Bases: PaddleBaseModelImpl

Implementation of NHiTS model

Parameters
  • in_chunk_len (int) – The size of the loopback window, i.e., the number of time steps feed to the model.

  • out_chunk_len (int) – The size of the forecasting horizon, i.e., the number of time steps output by the model.

  • num_stacks – The number of stacks that make up the whole model.

  • num_blocks – The number of blocks making up every stack.

  • num_layers – The number of fully connected layers preceding the final forking layers in each block of every stack.

  • layer_widths – Determines the number of neurons that make up each fully connected layer in each block of every stack.
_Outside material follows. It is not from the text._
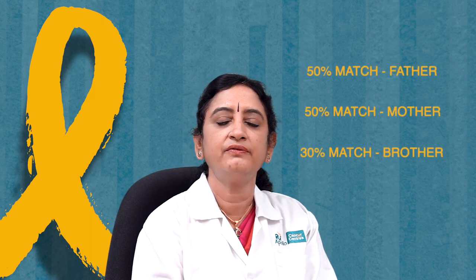We inherit HLA typing from both parents — 50% from our mother and 50% from our father. The chance that a sibling will be a complete HLA match is only about 30%. For the other 70% who need a transplant, there are registries within India and abroad where more than 30 million people are registered as stem cell donors, allowing us to find a fully matched unrelated donor worldwide.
If a list is passed, it must have a length equal to num_stacks and every entry in that list corresponds to the layer width of the corresponding stack. If an integer is passed, every stack will have blocks with FC layers of the same width.

  • pooling_kernel_size (Tuple[Tuple[int]], option) – The kernel size for the initial pooling layer.

  • n_freq_downsample (Tuple[Tuple[int]], option) – The factor by which to downsample time at the output (before interpolating).

  • batch_norm (bool) – Whether to use batch normalization.

  • dropout (float) – Dropout probability.

  • activation (str) – The activation function of encoder/decoder intermediate layer.

  • MaxPool1d (bool) – Whether to use MaxPool1d pooling, False uses AvgPool1d.

  • skip_chunk_len (int, Optional) – Optional, the number of time steps between in_chunk and out_chunk for a single sample. The skip chunk is neither used as a feature (i.e. X) nor a label (i.e. Y) for a single sample. By default it will NOT skip any time steps.

  • sampling_stride (int, optional) – sampling intervals between two adjacent samples.

  • loss_fn (Callable, Optional) – loss function.

  • optimizer_fn (Callable, Optional) – optimizer algorithm.

  • optimizer_params (Dict, Optional) – optimizer parameters.

  • eval_metrics (List[str], Optional) – evaluation metrics of model.

  • callbacks (List[Callback], Optional) – customized callback functions.

  • batch_size (int, Optional) – number of samples per batch.

  • max_epochs (int, Optional) – max epochs during training.

  • verbose (int, Optional) – verbosity mode.

  • patience (int, Optional) – number of epochs with no improvement after which learning rate wil be reduced.

  • seed (int, Optional) – global random seed.